Department of Infectious Diseases, Catholic University, Rome, Italy.
J Infect. 2011 Aug;63(2):144-50. doi: 10.1016/j.jinf.2011.06.001. Epub 2011 Jun 12.
Although zidovudine-free regimens are increasingly used in pregnancy, their haematological effects in mothers and newborns are incompletely defined.
The haematological profiles of 119 HIV-infected women and their neonates with highly active antiretroviral regimens (HAART) in pregnancy including or not zidovudine (ZDV) were investigated. Three groups were compared: 1) women who started ZDV-lamivudine (3TC)-based HAART during pregnancy (ZDVs, n = 60); 2) women on ZDV-3TC-based HAART from conception (ZDVc, n = 18); 3) women on ZDV-free HAART from conception (ZDVf, n = 41).
At the beginning of pregnancy, haemoglobin levels were similar in the three groups. By week 36 compared to baseline, haemoglobin levels had a significantly greater decrease in ZDVf women compared to ZDVs women (ZDVf: -2.03 g/dl; ZDVs: -1.36 g/dl, p = 0.036). A similar trend was observed for occurrence of maternal anaemia at 36 weeks. Newborns with no prenatal ZDV exposure had significantly higher haemoglobin levels at birth (ZDVf: 16.1 ± 1.4 g/dl, ZDVs: 14.3 ± 2.0 g/dl; ZDVc: 14.6 ± 2.4 g/dl, p = 0.044 and 0.003, respectively).

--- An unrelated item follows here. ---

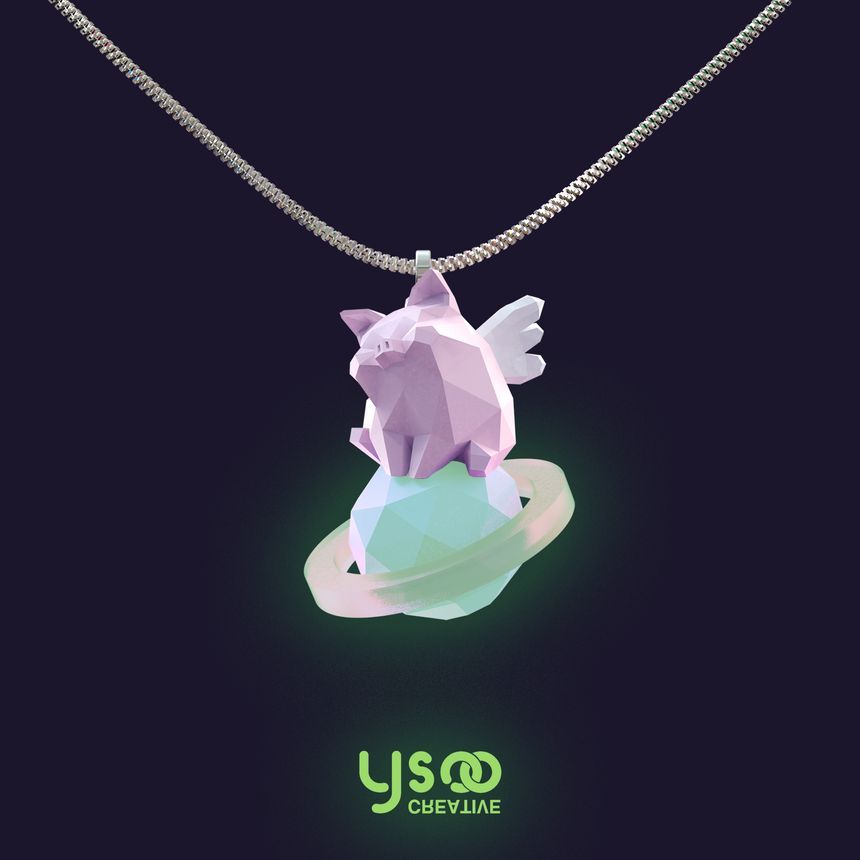 Necklace Pig Planet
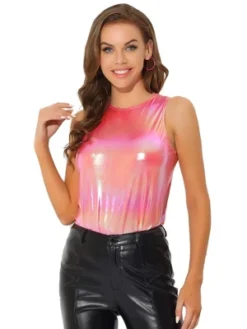Allegra K Women's Party Shiny Sleeveless Club Metallic Tank Top -Allegra K GUEST edc1c2dc 8fcf 4b91 85ad 4cb422c9e101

Half of ZDV-unexposed mothers had anaemia at the end of pregnancy, but their neonates had normal haemoglobin levels. ZDV initiation was associated with a lower occurrence of maternal anaemia during the third trimester and decreased haemoglobin levels in the newborns. We hypothesize that foetal iron requirements could represent a major determinant of maternal anaemia at the end of pregnancy.
尽管无齐多夫定方案在妊娠期间越来越多地被应用,但它们对母亲和新生儿的血液学影响尚不完全明确。
研究了 119 例接受高效抗逆转录病毒治疗(HAART)的 HIV 感染孕妇及其新生儿的血液学特征,这些孕妇的 HAART 方案包括或不包括齐多夫定(ZDV)。比较了三组:1)在妊娠期间开始 ZDV-拉米夫定(3TC)为基础的 HAART 的妇女(ZDVs,n=60);2)从受孕开始即接受 ZDV-3TC 为基础的 HAART 的妇女(ZDVc,n=18);3)从受孕开始即接受无 ZDV 的 HAART 的妇女(ZDVf,n=41)。
在妊娠开始时,三组的血红蛋白水平相似。与基线相比,在第 36 周时,ZDVf 组妇女的血红蛋白水平下降幅度明显大于 ZDVs 组(ZDVf:-2.03 g/dl;ZDVs:-1.36 g/dl,p=0.036)。在 36 周时,母体贫血的发生率也出现了类似的趋势。未接受产前 ZDV 暴露的新生儿出生时的血红蛋白水平明显较高(ZDVf:16.1±1.4 g/dl,ZDVs:14.3±2.0 g/dl;ZDVc:14.6±2.4 g/dl,p=0.044 和 0.003)。
一半的 ZDV 未暴露母亲在妊娠末期患有贫血,但她们的新生儿血红蛋白水平正常。ZDV 的起始治疗与妊娠晚期母体贫血的发生率较低以及新生儿的血红蛋白水平下降有关。我们假设胎儿的铁需求可能是妊娠末期母体贫血的一个主要决定因素。